Some of the best practices while developing MapReduce programs. You can see why we need Hadoop here
1. Use Combiner:
Combiner is a mini-reducers. Most of the time the code for Reducer will be same for Combiner. Combiner also extends your Reducer class to implement the reduce functionality. The major advantage of combiner is it will reduce data on each Map itself, that will reduce the Network IO and increase the execution time.
2. Use Data Compression:
Hadoop supports common compression techniques like DEFLATE,gzip,bzip2,LZO,snappy. Since hadoop hard split the files in to different block it is always best to use split compression algorithms like bzip2. Hadoop also supports Avro file format, which standardize the serialization of objects. Sequence file format is the best fit to input compressed files. Compression also helps to handle small files problem in Hadoop.
3. Distribution Cache : use it for only small files.

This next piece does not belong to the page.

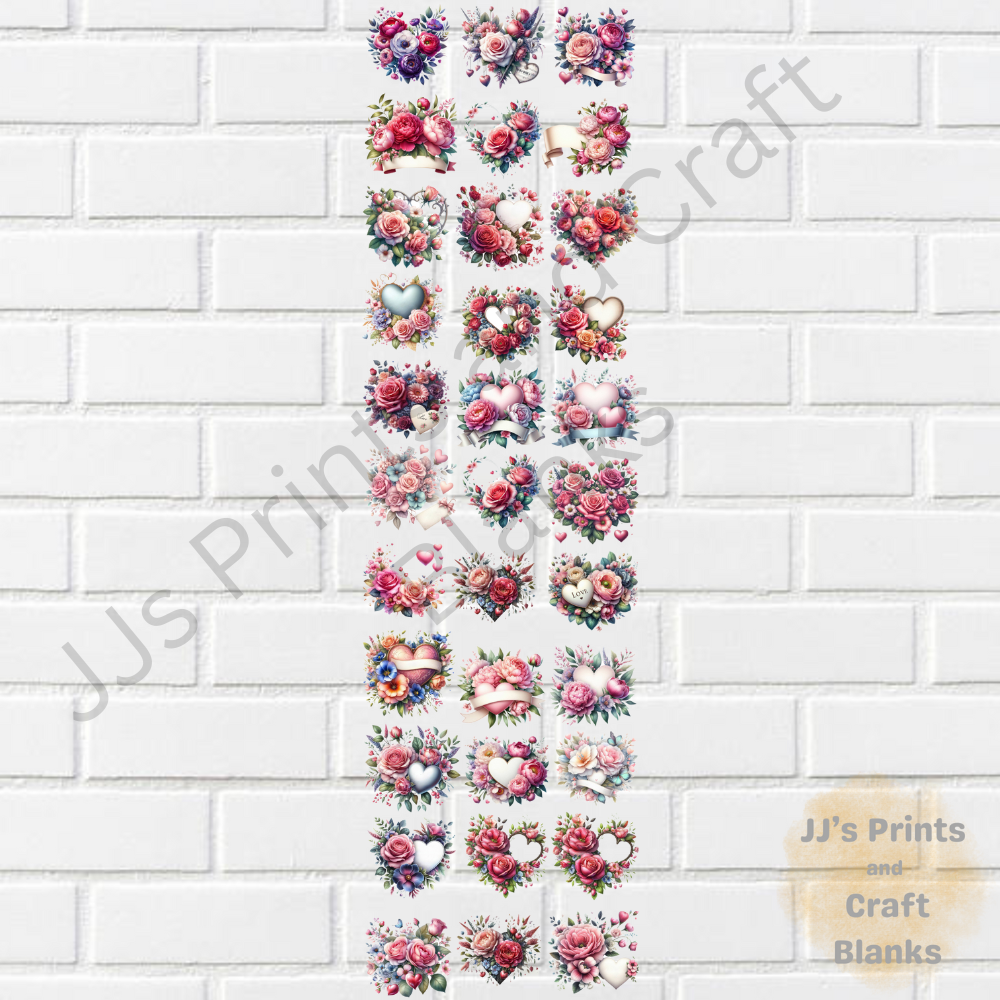 Pre made uv-dtf flower design 1m gang sheet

Distributed cache is a way of side data distribution. You often need to have a look up data to perform computation, say for instance using employee id, write employee name in the output or using IP Address in the Apache Log, get the city / country name. If the distributed cache is large than HDFS will store it over blocks and it will be time-consuming to read those data just to look up.
4. Choose HDFS as a larger block:
HDFS specification defined a block size to hold data should be between 64 MB to 512 MB. Hadoop designed to work on larger amount of data to reduce the disk seek time and increase the computation speed. So always define the HDFS block size larger enough to allow Hadoop to compute effectively.
5. Set Reducers to zero if you not using it:
Some time we don’t really use reducers. For example filtering and reduce noise in data. When not use Reducer always make sure to set it zero since the sorting and shuffling is an expensive operation.
6. Chain the Jobs:
The funda about MapReduce is modularity. modularize your problem and think of solving it MapReduce Way. Chain your jobs so that in a complex problems, if some failure happen in a mid way, you can still carry from the last job. It will also simplify your problem and make it easy to solve.
7. Always write unit test and run in a small data set:
It is the best practice in any programming. Hadoop comes up with good support to unit test your Mapper as well as Reducer.
8. Choose Number of Mapper and Reducer wisely:
The general rule of thump to choose number of mapper and reducer is
Total mapper or reducer = Number of Nodes * maximum number of tasks per node
maximum number of task per node = number of processor per node – 1 (Since data node and task tracker will take one processor)
Say like we have 50 nodes and each node has 4 processor then
total number of mapper or reducer = 50 * (4-1) = 150.